Per Onetti il più grande effetto (e forse vantaggio) della solitudine è quello di trovarsi nella condizione di non essere più nulla (e questa vocazione all’isolamento, all’indifferenza, a dire di Mario Benedetti, è stato anche un tratto saliente della vita di Onetti, tenutosi ostinatamente a margine di gruppi, riviste, manifesti, impegno civile).
Una siffatta vacuità, generata attraverso l’allontanamento volontario – ma forse già insita nell’animo – fa sì che l’uomo diventi un individuo solitario e indesiderabile, superiore ai propri scrupoli e alla propria vigliaccheria, ma irrimediabilmente inferiore al proprio mondo immaginario, contenitore senza contenuti, “solo corpo”.
E quando si è solo corpo, pura materialità, quando ci si fa oggetto, ogni addio si spoglia dalle implicazioni sentimentali e ideologiche, diventa mero meccanismo di allontanamento fisico. Angoli che si separano, creando un interstizio tra il concavo e il convesso.
Ogni isolamento è, per definizione, concavo: e l’uomo avverte, in sua presenza, la necessità di riempimenti convessi, dicevo.
Poi, poi la felicità è tutt’un altro paio di maniche. Casomai riusciamo a trovarla nella lontananza da tutto e da tutti.

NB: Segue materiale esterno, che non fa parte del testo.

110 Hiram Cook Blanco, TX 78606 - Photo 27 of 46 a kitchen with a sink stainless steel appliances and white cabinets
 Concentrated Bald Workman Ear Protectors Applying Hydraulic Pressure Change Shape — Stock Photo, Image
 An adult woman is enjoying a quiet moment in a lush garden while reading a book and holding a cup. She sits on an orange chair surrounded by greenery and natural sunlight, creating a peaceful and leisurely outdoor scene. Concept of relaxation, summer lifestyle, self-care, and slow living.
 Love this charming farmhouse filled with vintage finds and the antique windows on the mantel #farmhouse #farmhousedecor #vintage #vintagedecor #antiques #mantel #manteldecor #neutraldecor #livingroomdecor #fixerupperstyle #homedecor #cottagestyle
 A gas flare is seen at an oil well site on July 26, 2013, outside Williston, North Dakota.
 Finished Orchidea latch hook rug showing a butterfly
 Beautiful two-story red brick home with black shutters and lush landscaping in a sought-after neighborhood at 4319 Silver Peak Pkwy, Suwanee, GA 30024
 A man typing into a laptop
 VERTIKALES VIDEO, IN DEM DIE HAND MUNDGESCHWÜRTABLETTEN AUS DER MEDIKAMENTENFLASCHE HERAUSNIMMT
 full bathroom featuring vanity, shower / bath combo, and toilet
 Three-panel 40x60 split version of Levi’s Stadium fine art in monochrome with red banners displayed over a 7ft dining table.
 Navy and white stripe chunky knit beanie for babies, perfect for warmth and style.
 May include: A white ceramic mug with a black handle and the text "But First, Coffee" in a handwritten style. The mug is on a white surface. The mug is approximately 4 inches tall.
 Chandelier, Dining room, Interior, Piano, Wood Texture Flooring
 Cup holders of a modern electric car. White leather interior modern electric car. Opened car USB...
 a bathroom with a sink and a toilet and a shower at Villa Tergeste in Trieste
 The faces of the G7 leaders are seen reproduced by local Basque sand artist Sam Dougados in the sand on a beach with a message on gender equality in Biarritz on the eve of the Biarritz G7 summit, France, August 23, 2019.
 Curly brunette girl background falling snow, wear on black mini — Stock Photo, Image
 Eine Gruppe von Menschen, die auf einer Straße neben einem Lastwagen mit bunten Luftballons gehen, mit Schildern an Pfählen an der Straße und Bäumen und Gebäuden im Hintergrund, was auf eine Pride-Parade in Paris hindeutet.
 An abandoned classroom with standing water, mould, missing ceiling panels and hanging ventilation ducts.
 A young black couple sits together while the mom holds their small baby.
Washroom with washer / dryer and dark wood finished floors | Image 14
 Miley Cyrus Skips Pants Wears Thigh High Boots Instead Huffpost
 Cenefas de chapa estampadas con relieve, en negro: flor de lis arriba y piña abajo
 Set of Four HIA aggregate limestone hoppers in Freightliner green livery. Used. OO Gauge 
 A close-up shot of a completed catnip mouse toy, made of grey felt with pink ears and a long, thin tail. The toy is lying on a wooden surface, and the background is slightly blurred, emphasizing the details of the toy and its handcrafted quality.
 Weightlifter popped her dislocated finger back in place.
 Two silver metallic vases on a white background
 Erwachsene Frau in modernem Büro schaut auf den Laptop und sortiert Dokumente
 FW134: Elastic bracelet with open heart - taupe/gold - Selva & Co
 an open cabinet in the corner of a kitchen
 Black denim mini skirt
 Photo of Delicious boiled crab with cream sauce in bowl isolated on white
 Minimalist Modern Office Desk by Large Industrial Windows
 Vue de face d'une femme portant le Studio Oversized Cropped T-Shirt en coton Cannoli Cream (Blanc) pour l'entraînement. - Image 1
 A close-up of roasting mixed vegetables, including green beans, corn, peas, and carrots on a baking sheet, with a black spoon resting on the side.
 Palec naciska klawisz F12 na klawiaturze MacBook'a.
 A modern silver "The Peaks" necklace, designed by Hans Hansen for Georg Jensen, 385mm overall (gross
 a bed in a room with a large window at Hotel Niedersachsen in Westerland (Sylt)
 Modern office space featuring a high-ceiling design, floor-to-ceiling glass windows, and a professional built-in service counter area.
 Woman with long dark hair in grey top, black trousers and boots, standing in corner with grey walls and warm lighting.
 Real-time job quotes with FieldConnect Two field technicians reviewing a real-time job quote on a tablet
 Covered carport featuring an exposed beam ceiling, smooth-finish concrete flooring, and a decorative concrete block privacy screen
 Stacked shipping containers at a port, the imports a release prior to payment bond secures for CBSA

Casomai no.
Ed è in quel caso, quando la solitudine anziché sollevarci ci pesa, che siamo altresì capaci di compiere tutte le vigliaccherie atte a procurarci compagnia.
Come ostinarci a convivere in una casa sotto assedio, con una donna che amiamo non amandola davvero, aspettando l’inevitabilità del giorno in cui qualcosa arriverà a occuparci vita e villa, ch’è ciò che accade in «Casa occupata».
Oppure potremmo cercare i meccanismi che permettono agli eroi dello snobismo di vivere una quotidianità sempiterna fatta di ombre ectoplasmatiche e susseguirsi d’ologrammi, come ne L’invenzione di Morel.
O ancora, e infine, per provare a sentirci un po’ meno soli, potremmo lasciarci coinvolgere dal chiacchiericcio maligno attorno a quell’uomo misterioso, che s’è introdotto nelle nostre vite e che rifiuta di curarsi.
Dalla tubercolosi, ma fors’anche, a guardar meglio, in ultima istanza, dalla sua stessa solitudine.